Опасность, которая угрожала Наполеону на этом пути, описал граф Сегюр: «Мы были окружены целым морем пламени; оно угрожало всем воротам, ведущим из Кремля. Первые попытки выйти из него были неудачны. Наконец найден был под горой выход к Москве-реке. Наполеон вышел через него из Кремля со своей свитой и старой гвардией. Подойдя ближе к пожару, мы не решались войти в эти волны огненного моря. Те, которые успели несколько познакомиться с городом, не узнавали улиц, исчезавших в дыму и развалинах. Однако же надо было решиться на что-нибудь, так как с каждым мгновением пожар усиливался все более и более вокруг нас. Сильный жар жег наши глаза, но мы не могли закрыть их и должны были пристально смотреть вперед. Удушливый воздух, горячий пепел и вырывавшееся отовсюду пламя спирали наше дыхание, короткое, сухое, стесненное и подавляемое дымом. Мы обжигали руки, стараясь защитить лицо от страшного жара, и сбрасывали с себя искры, осыпавшие и прожигавшие платье».

Переправившись через Москву-реку по плавучему мосту, к вечеру император был в Петровском дворце. Император, заняв практически пустой город, явно не ожидал еще и таких событий: «Над дворцом, который занял Наполеон, – писал военный медик Ф. Мерсье, – возвышалась терраса, откуда прекрасно был виден весь город, и оттуда в минуты досуга он и наблюдал за распространением пожара. С глубочайшей горечью должен был он созерцать разрушение этого города, на обладании которым он основывал все свои надежды. Говорят, при этом он однажды воскликнул: “Москвы более не существует, и я лишился награды, которая была обещана моей армии”».

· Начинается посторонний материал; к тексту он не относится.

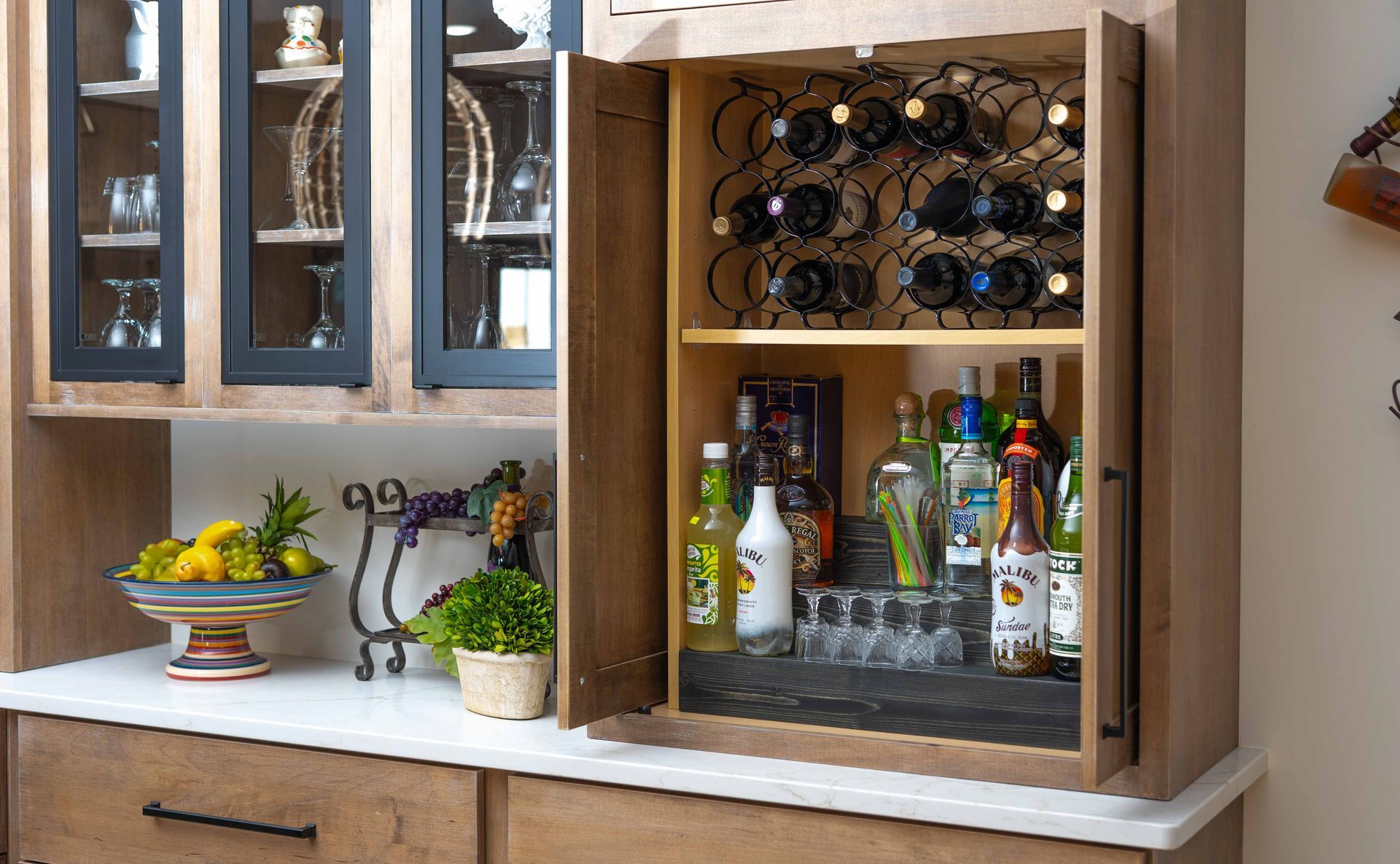 A wine cabinet with bottles and glasses inside of it.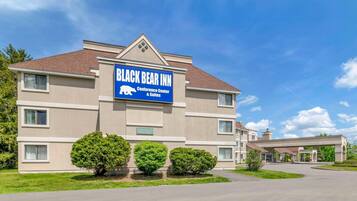 A building with a sign for 'Black Bear Inn Conference Center & Suites' with a clear sky and a well-maintained lawn.
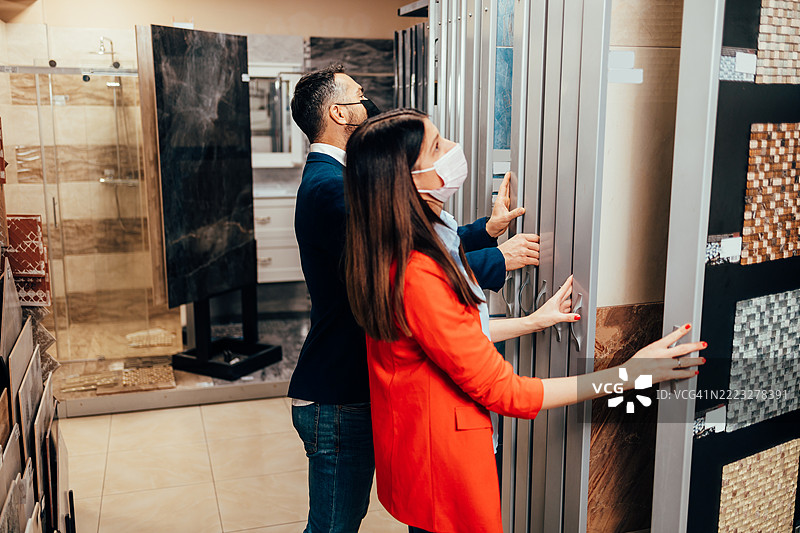 一对戴着防护口罩的情侣在浴室家具店挑选瓷砖图片素材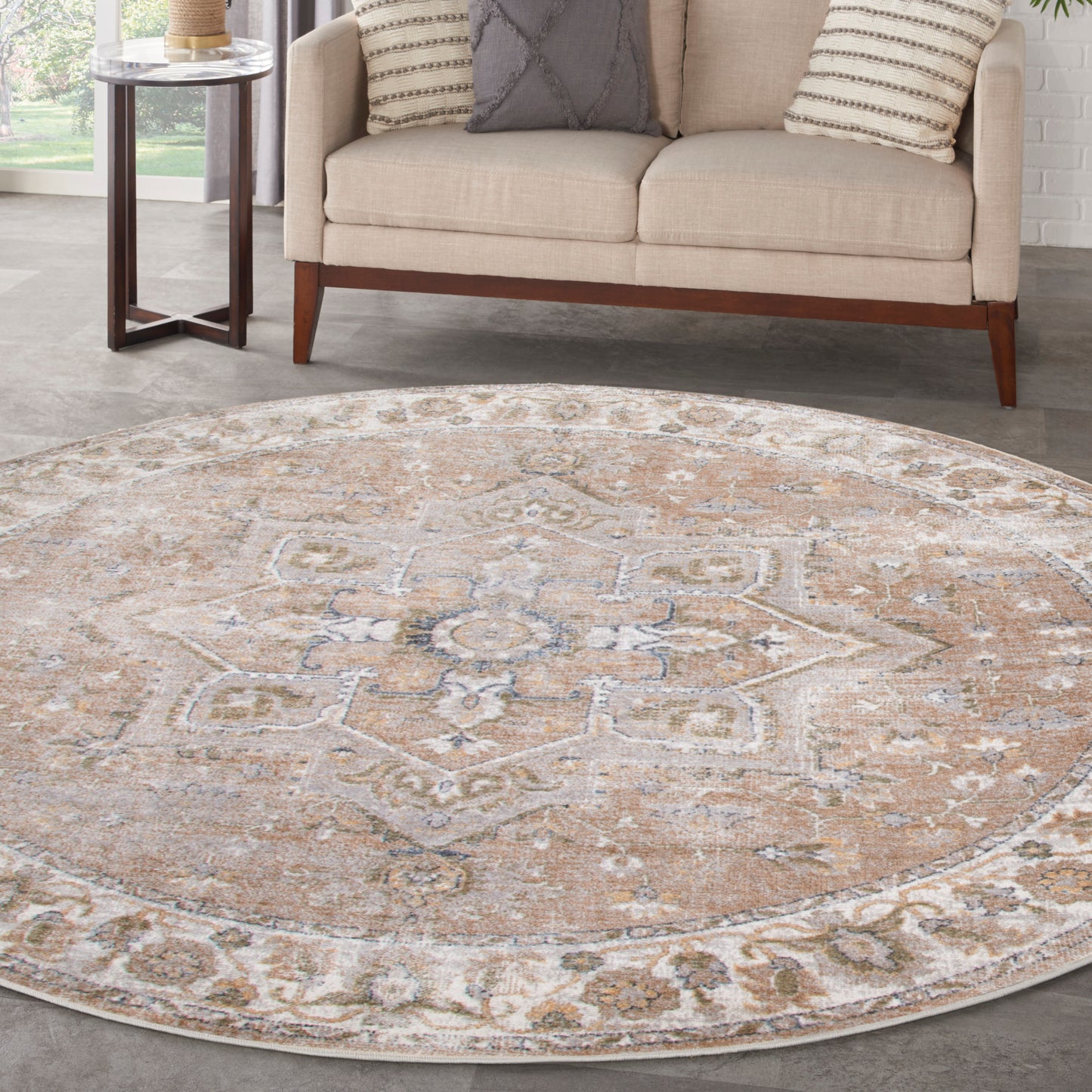Round beige oriental rug with muted blue-gray accents and floral medallion border in a modern living room.
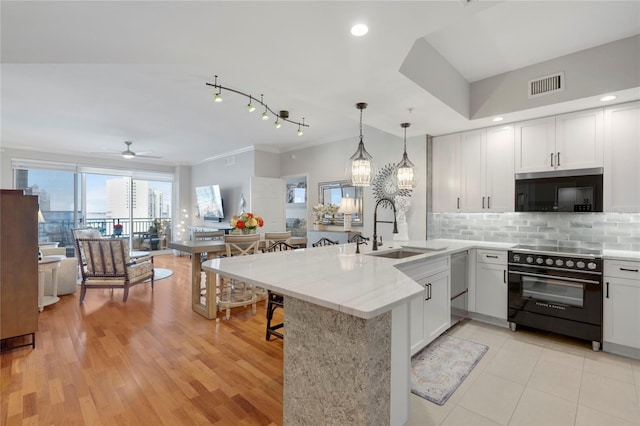 kitchen featuring visible vents, a peninsula, a sink, black electric range, and backsplash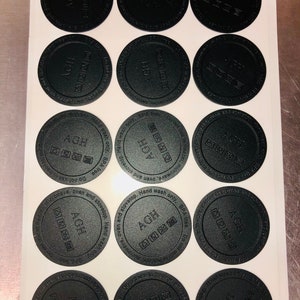 May include: Twelve black round stickers with the text "AGH" and care instructions for the product. The instructions include "Hand wash only, BPA free" and "Do not use in microwave, oven and stovetop."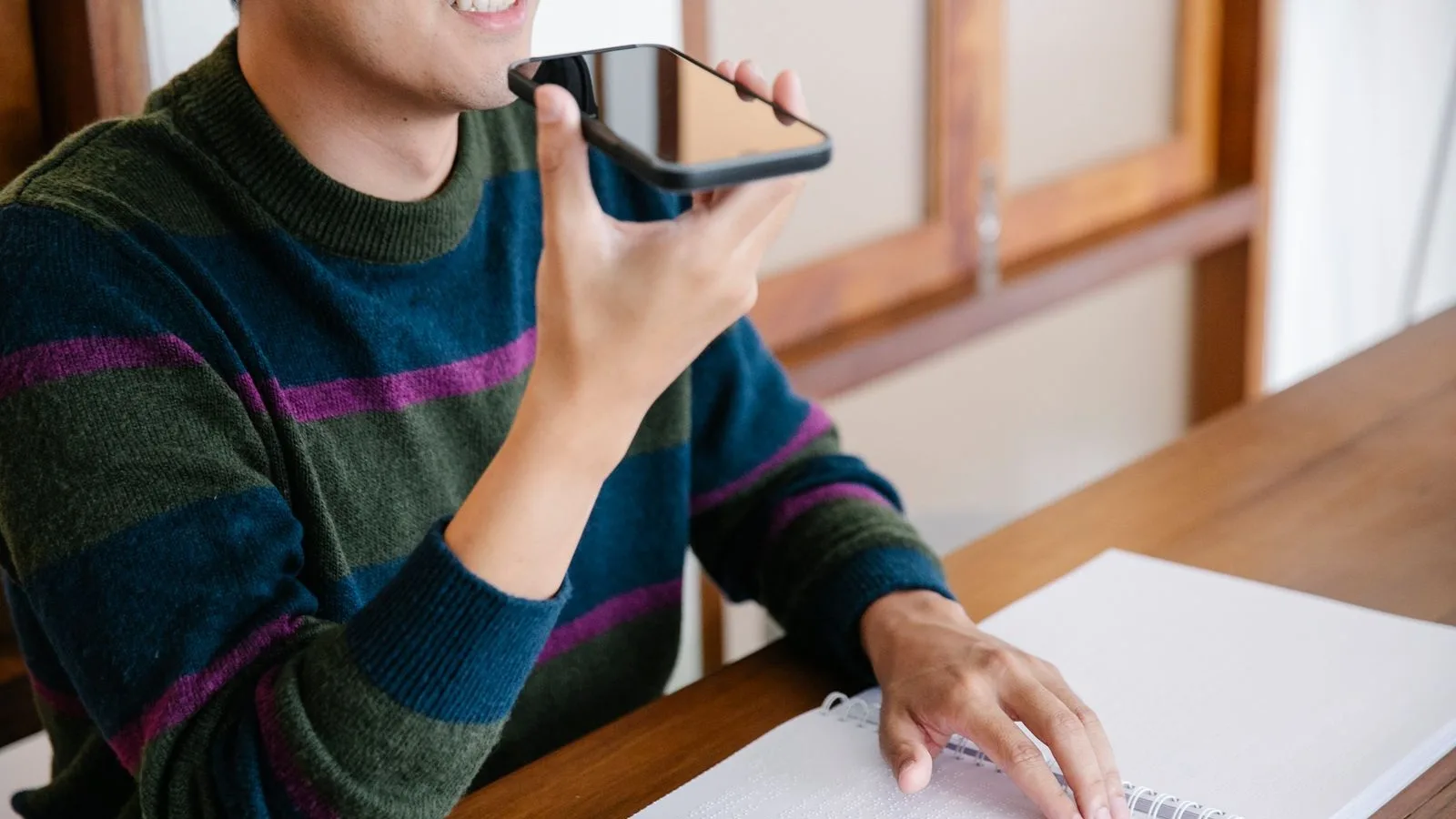 Recording a voice note on the phone to explain out loud what the business does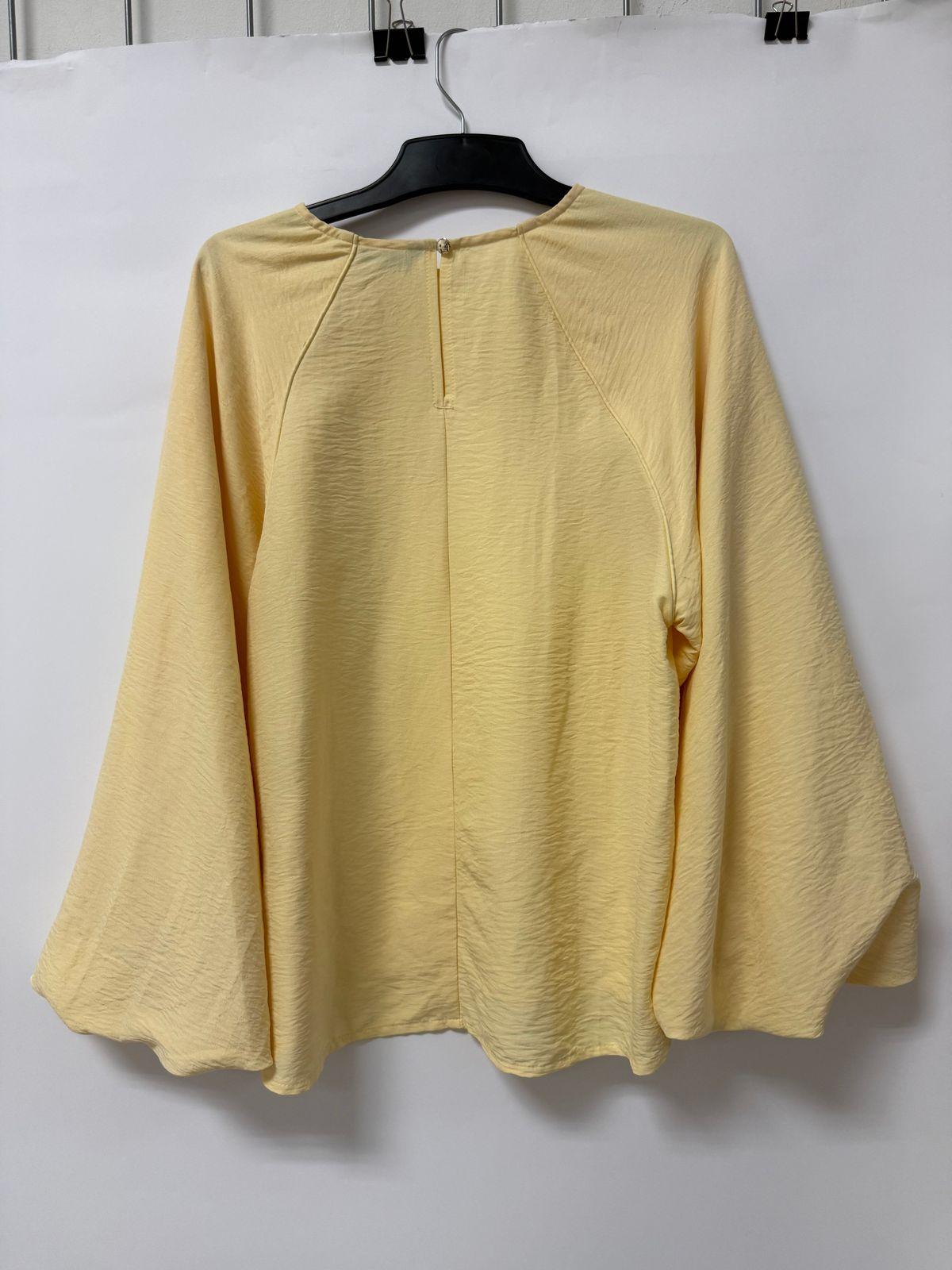 a yellow top hanging on a white wall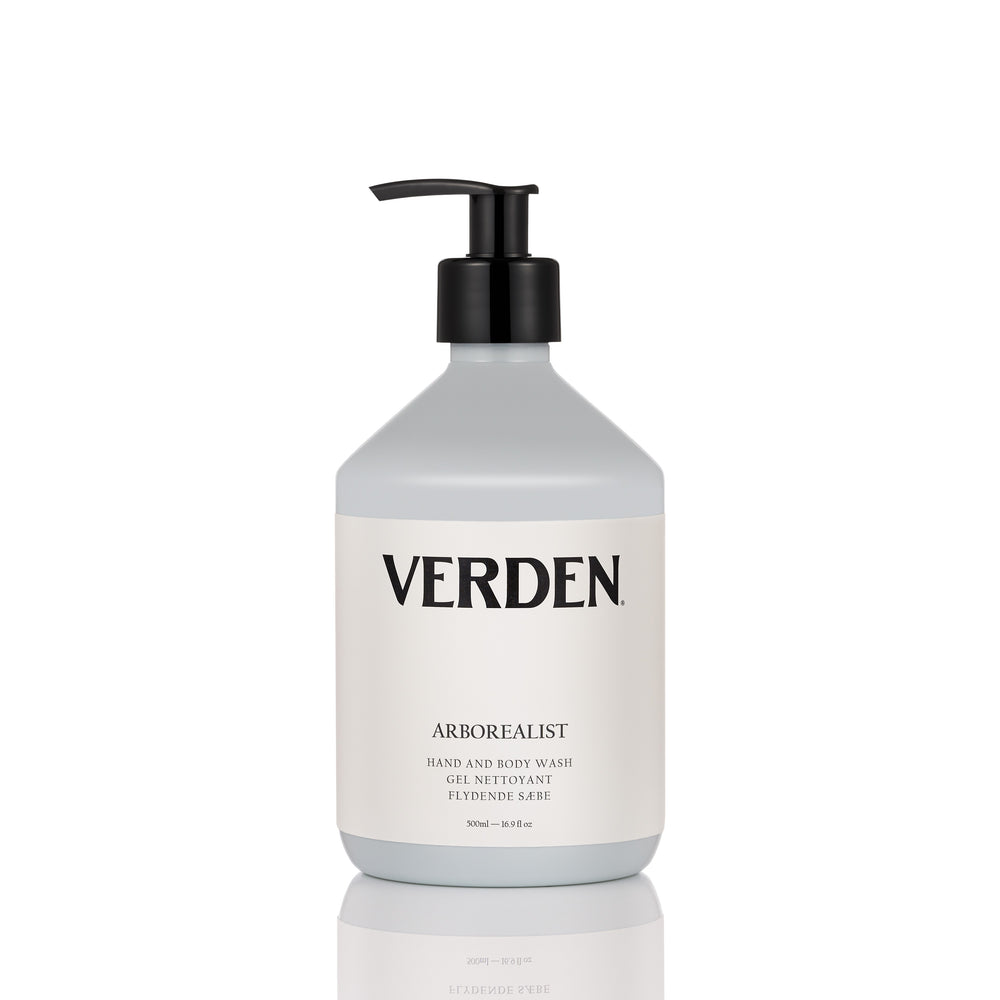 A bottle of Verden Arborealist hand and body wash with a black pump dispenser and a white label, set against a clean white background with a subtle reflection.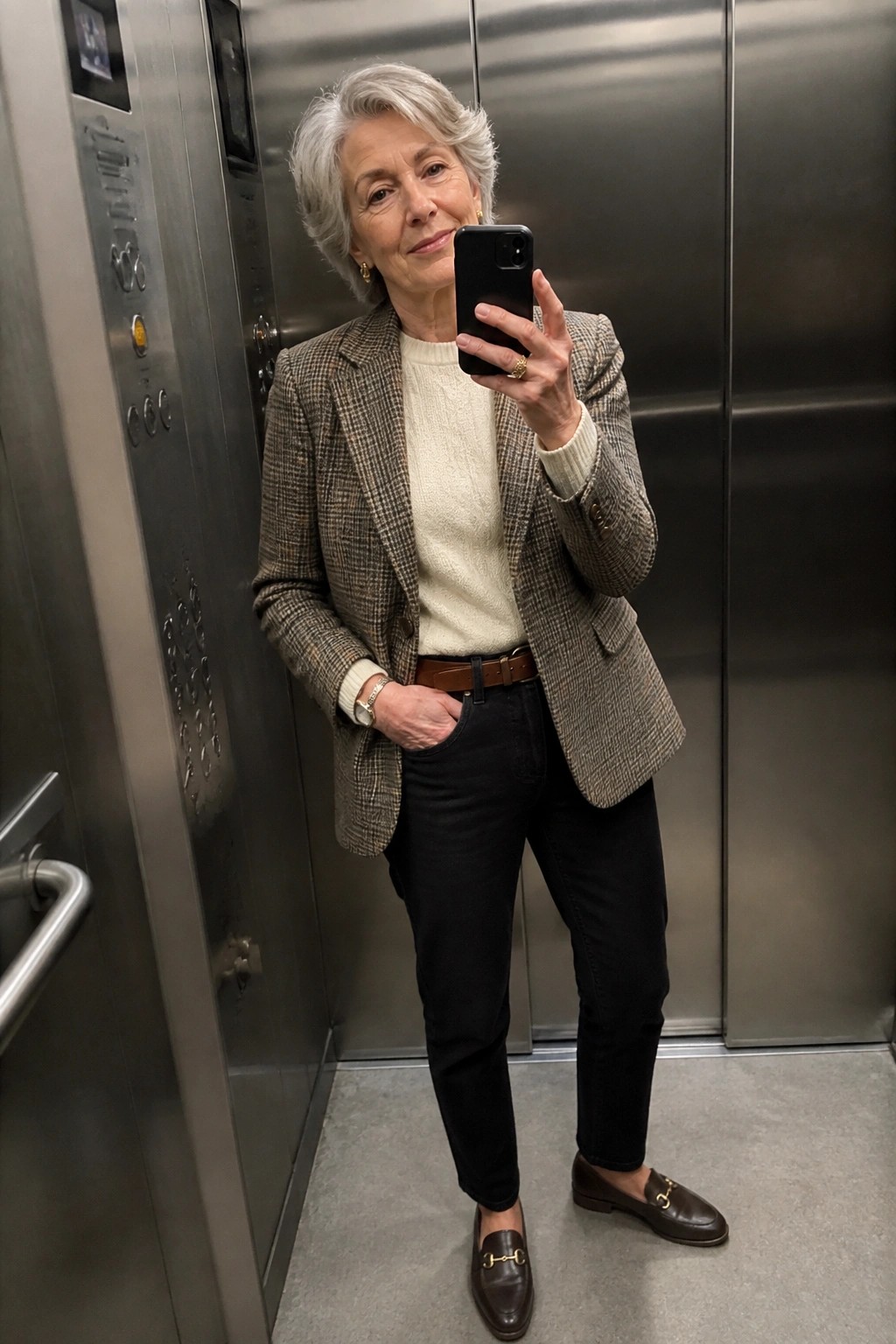 Gray-haired woman in plaid blazer taking phone selfie in elevator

Пожар, бушевавший до 6 (18) сентября принес не только опасность и горе, но и в определенной мере способствовал росту мародерства и грабежа. Офицер итальянской гвардии Ложье указывал, что эти события стали некой мотивацией для французских солдат: «Постараемся вырвать у огня все, что можно. Не дадим русским радоваться их варварскому торжеству и воспользуемся по крайней мере тем, что они бросили. Имеем же мы право воспользоваться тем, что они оставили огню». В итоге «солдаты всех европейских наций, не исключая и русских, маркитантки, каторжники, масса проституток бросались взапуски в дома и церкви, уже почти окруженные огнем, и выходили оттуда, нагрузившись серебром, узлами, одеждой и проч. Они падали друг на друга, – продолжал Ложье, – толкались и вырывали друг у друга из рук только что захваченную добычу; и только сильный оставался правым после кровопролитной схватки…»

Солдат и офицеров Великой армии, помимо ювелирных украшений, особенно привлекала именно разнообразная одежда. Сержант Бургонь рассказывал, что когда он вернулся вечером одного из первых дней пожара на площадь, где расположился на бивак его полк, он увидел перед собой «сборище разноплеменных народов мира»: «…солдаты были одеты кто калмыком, кто казаком, кто татарином, персиянином или турком, а другие щеголяли в богатых мехах. Некоторые нарядились в придворные костюмы во французском вкусе, со шпагами при бедре, с блестящими, как алмазы, стальными рукоятками». Ему вторил и инженер-капитан Лабом, который говорил, что солдаты выбирали себе самые живописные костюмы, чтобы избежать нападений: «В нашем лагере можно было увидеть людей, одетых татарами, казаками, китайцами; одни носили польские плащи, другие – высокие шапки персов, баскаков или калмыков. Таким образом, наша армия в это время представляла картину карнавала, и можно было бы сказать, что наше отступление, начавшееся маскарадом, кончилось похоронным шествием».